_Exercise description_.
Below are some entries. Count how many of their lines include "Half", then give that number only.

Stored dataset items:
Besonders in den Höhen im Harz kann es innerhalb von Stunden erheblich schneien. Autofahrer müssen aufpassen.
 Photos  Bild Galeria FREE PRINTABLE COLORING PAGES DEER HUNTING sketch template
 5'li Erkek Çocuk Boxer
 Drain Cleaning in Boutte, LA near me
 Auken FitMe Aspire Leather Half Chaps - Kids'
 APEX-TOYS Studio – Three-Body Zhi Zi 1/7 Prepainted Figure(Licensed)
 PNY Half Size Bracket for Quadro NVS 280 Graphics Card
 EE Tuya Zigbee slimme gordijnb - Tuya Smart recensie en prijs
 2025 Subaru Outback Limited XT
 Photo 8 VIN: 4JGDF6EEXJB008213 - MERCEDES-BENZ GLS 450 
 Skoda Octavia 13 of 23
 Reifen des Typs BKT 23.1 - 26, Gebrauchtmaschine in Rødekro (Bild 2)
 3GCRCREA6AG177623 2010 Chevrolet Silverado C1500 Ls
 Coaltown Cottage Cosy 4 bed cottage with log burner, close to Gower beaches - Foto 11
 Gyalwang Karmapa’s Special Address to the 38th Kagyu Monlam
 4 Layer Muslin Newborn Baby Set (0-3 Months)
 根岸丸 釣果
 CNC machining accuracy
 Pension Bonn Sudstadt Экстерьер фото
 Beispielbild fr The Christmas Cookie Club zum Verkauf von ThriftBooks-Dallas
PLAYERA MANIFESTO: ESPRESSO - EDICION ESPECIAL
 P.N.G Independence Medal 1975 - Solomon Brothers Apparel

_Answer section_.
2